I believe that a deliberate practice of gratitude can truly change your life. Many years ago I began a daily gratitude journal and after a short time I realized that throughout my day I was looking for things to be able to write down in my journal. What a life-changer to be on the look-out for what is good versus what is lack. Now after 18 years of a daily gratitude practice, if I find that in times of fear or sadness, I can open up any of one of those journals and be reminded of all that I really do have in my life.

I encourage you to spend some time each day acknowledging a few things in your life that you can be grateful for, including yourself! If you are not sure what to be grateful for beyond the obvious, then I say use your senses! What did you smell today? Did you feel something amazing today? Describe something that you tasted today that was amazing? To deepen your practice, you can include why you are grateful. I love to acknowledge that I am grateful for my friends because they help me to feel connected.

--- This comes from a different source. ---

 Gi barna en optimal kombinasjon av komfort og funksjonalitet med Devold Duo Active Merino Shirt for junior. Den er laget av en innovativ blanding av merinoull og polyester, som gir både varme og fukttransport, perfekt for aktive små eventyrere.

How to have a gratitude practice

When we think of abundance we often think of the tangible, material, often obvious things in our life to be grateful for; house, food, car, employment, etc. I would like to offer up acknowledging the abundance of less visible things; the love you feel for someone, the colors that surround your life, the sounds of music and laughter, the aroma that fills your home from a hearty soup, or the growth that you have shown this year.

Soak in all that is untouchable. Fill your heart with the fullness of simply being alive and experiencing the sensations each day offers.